▽

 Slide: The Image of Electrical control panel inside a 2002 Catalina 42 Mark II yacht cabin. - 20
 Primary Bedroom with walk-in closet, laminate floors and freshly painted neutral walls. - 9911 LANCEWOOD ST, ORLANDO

△
▽

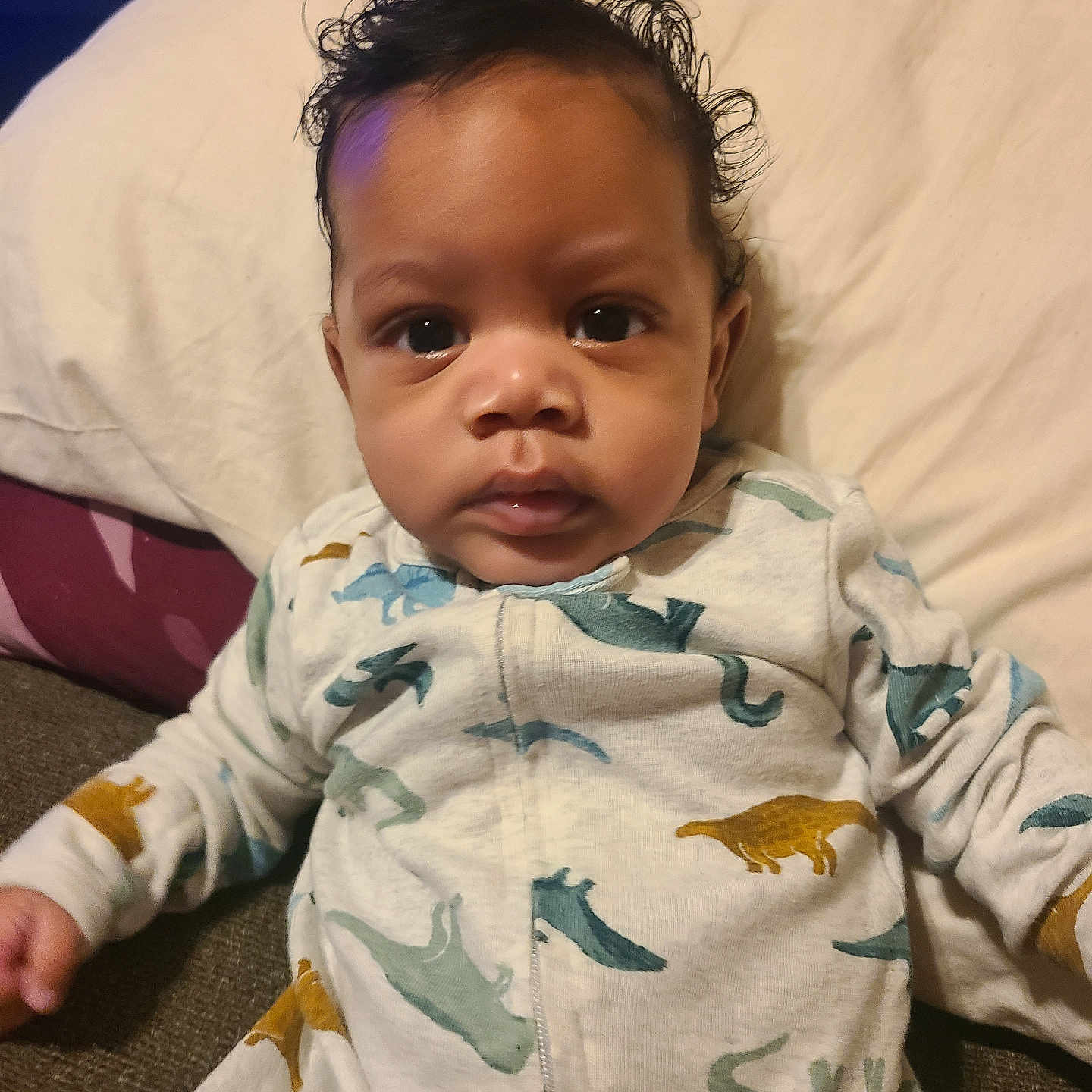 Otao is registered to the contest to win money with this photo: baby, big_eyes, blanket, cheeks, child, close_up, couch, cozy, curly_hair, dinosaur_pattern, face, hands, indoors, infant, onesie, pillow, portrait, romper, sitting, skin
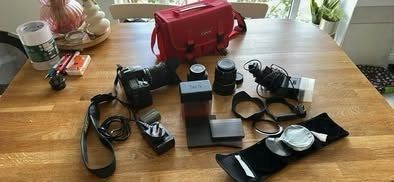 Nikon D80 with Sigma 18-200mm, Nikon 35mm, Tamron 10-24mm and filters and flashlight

△

== DESCRIPTION OF THE TASK ==
Print from the line containing "Otao is registered" through the line containing "Nikon D80 with" in the data above, exactly as the lines stand, and omit every picture.

== SOLUTION FOR THIS EXERCISE ==
 Otao is registered to the contest to win money with this photo: baby, big_eyes, blanket, cheeks, child, close_up, couch, cozy, curly_hair, dinosaur_pattern, face, hands, indoors, infant, onesie, pillow, portrait, romper, sitting, skin
 Nikon D80 with Sigma 18-200mm, Nikon 35mm, Tamron 10-24mm and filters and flashlight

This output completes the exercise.